Using IPython to Farm Work

From CAC Documentation wiki
Jump to navigation Jump to search

Running an IPython job

As an example of a more involved script, this starts a cluster of IPython engines and then executes a script using IPython. For testing, this script checks whether there are any PBS variables defined. If not, it defines some substitutes in order to run the script interactively. Note that this script tests whether mpdboot and mpiexec succeeded. If these fail, it is possible for the script to start but fail to finish, which wastes compute time. You would need to install IPython under your account to run farm.py.
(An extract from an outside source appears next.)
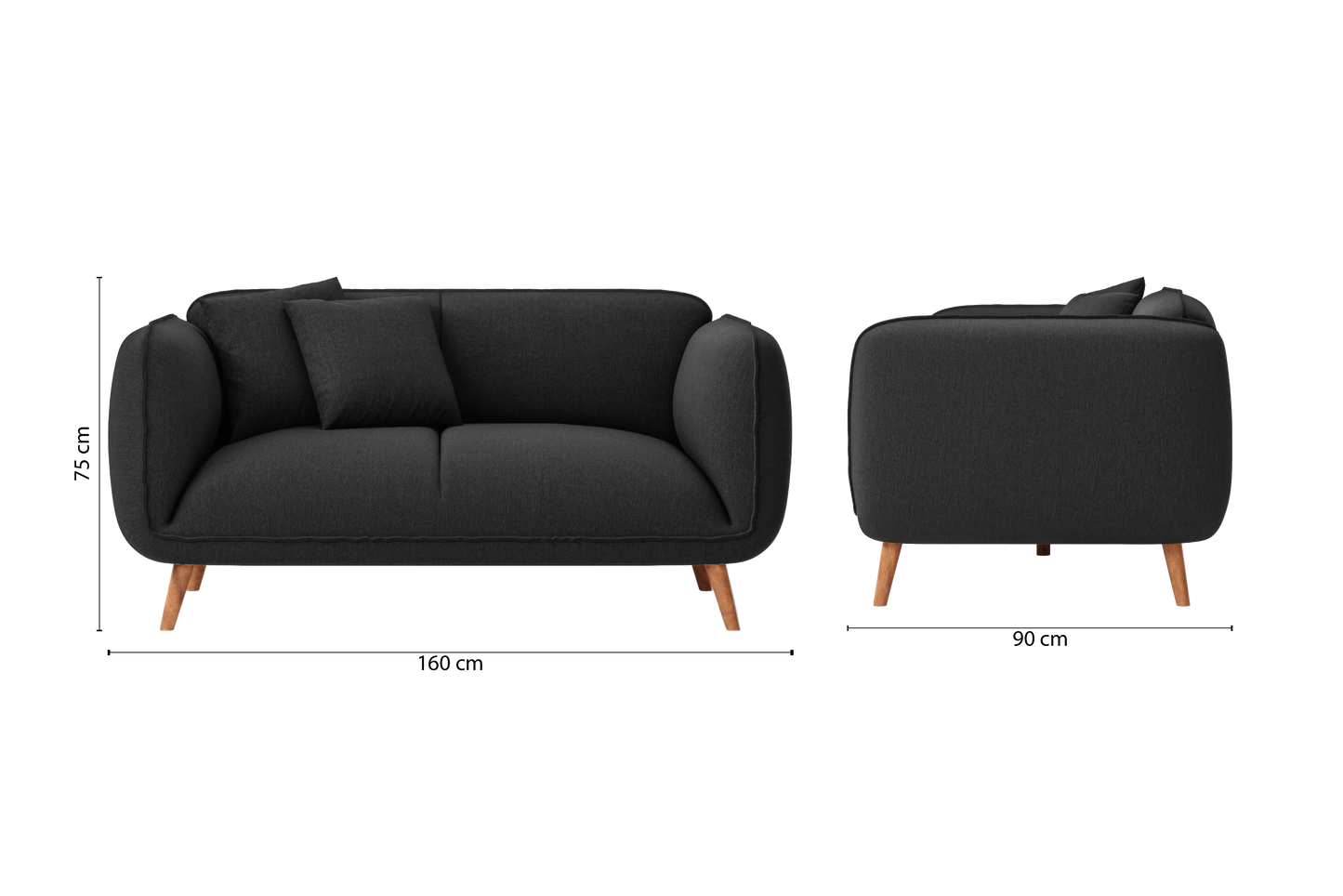 Pomezia 2 Seater Sofa Black Linen Fabric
Media:Farm_example.zip

 #!/bin/sh
 ## Although this says ppn=1 we can still specify a large task
 ## count to mpiexec below.
 #PBS -l walltime=1:00:00,nodes=2:ppn=1
 #PBS -A yourAcct
 #PBS -j oe
 #PBS -N ipjob
 #PBS -q v4dev
 
 # Turn on echo of shell commands
 set -x
 
 # Pull standard stuff from the environment variables
 if [ -n "$PBS_NODEFILE" ]
 then
   NODECNT=$(wc -l < "$PBS_NODEFILE")
   TASKCNT=`expr 8 '*' $NODECNT`
   RUNDIR=$PBS_O_WORKDIR
   # The job id is something like 613.scheduler.v4linux.
   # This deletes everything after the first dot.
   JOBNUMBER=${PBS_JOBID%%.*}
   # Print this script to the output.
   cat $0
 else
   # For interactive testing, create your own node file with "localhost"
   NODECNT=1
   TASKCNT=4
   RUNDIR=/home/gfs01/ajd27/dev/ipy
   PBS_NODEFILE=$RUNDIR/nodefile
   echo localhost>$PBS_NODEFILE
   JOBNUMBER=01
 fi
 
 # Set up our job
 EXT=$JOBNUMBER
 # IPython uses these so distributed clients can find each other.
 ENGFURL=$RUNDIR/engine${EXT}.furl
 MECFURL=$RUNDIR/mec${EXT}.furl
 TASKFURL=$RUNDIR/task${EXT}.furl
 
 cd $RUNDIR
 
 ~/bin/ipcontroller --engine-furl-file=$ENGFURL --multiengine-furl-file=$MECFURL --task-furl-file=$TASKFURL &
 sleep 5
 if [ `ps augx | grep ipcontroller | wc -l` -le 1 ]
 then
   echo "Controller did not start."
   exit
 fi
 
 cat $PBS_NODEFILE
 if mpdboot -n $NODECNT -r /usr/bin/ssh -f $PBS_NODEFILE
 then
   mpiexec -n $TASKCNT ~/bin/ipengine --furl-file=$ENGFURL &
   sleep 20
   if [ `ps augx | grep ipengine | wc -l` -le 1 ]
   then
     echo 'mpiexec failed.'
 	mpdallexit
     exit
   fi
 
    python2.5 runtest.py runs.yaml $MECFURL $TASKFURL
    mpdallexit
 fi
 
 rm $ENGFURL $MECFURL $TASKFURL